It is possible that practicing Catholics are more likely than nonpracticing Catholics to hew to the church’s teachings on birth control. But both groups — those who attend church every week or nearly every week and those who attend less often — had identical 46% approval ratings of Obama last week. Though both more frequent and less frequent churchgoing Catholics’ approval ratings of Obama were down from the prior week, neither change was statistically meaningful.

We’ll have to wait and see how this plays out over the next several weeks. But the polling, conducted between Feb. 6-12, picked up only the tail end of the President’s accommodation announced on Friday, which would maintain universal access to birth control free of co-pay in insurance coverage, but in cases of religious institutions, require the insurance company to contract with the employee directly for the services.
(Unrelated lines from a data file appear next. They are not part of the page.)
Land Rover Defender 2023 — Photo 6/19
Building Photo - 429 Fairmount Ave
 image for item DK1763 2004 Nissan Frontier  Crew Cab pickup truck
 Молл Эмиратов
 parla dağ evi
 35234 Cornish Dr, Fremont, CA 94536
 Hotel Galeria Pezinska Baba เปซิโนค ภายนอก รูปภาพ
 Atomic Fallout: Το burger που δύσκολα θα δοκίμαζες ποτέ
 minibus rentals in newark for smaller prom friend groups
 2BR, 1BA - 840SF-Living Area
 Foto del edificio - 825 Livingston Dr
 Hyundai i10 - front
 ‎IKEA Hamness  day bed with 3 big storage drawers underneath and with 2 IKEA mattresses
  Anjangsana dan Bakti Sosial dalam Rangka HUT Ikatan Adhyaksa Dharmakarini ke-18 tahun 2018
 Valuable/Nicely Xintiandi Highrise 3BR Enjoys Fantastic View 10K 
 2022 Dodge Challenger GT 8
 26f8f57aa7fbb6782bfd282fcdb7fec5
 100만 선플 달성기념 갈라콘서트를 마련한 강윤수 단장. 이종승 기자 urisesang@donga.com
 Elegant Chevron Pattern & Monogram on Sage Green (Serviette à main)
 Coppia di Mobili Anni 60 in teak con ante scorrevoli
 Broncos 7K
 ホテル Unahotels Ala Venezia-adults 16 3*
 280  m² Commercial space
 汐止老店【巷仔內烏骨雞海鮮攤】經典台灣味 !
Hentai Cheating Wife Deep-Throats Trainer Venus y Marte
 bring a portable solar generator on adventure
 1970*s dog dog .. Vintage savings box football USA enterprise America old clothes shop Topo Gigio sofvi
The bishops and most Republicans in Congress still object to the accommodation, but several prominent Catholics – along with Maine Republican Senators Olympia Snowe and Susan Collins – reacted favorably to it. So it’s hard to see how the matter will be a continuing drag on approval for the President. Anyway, it’s hard to see how the issue will dominate candidate preferences in November, rather than, say, the economy.

Senate Republicans will try to attach their broader conscience exemption, authored by Sen. Roy Blunt, to the surface transportation bill, which is fast becoming a Christmas tree for Republican ideological amendments. They also want to attach Keystone XL pipeline language to the highway bill.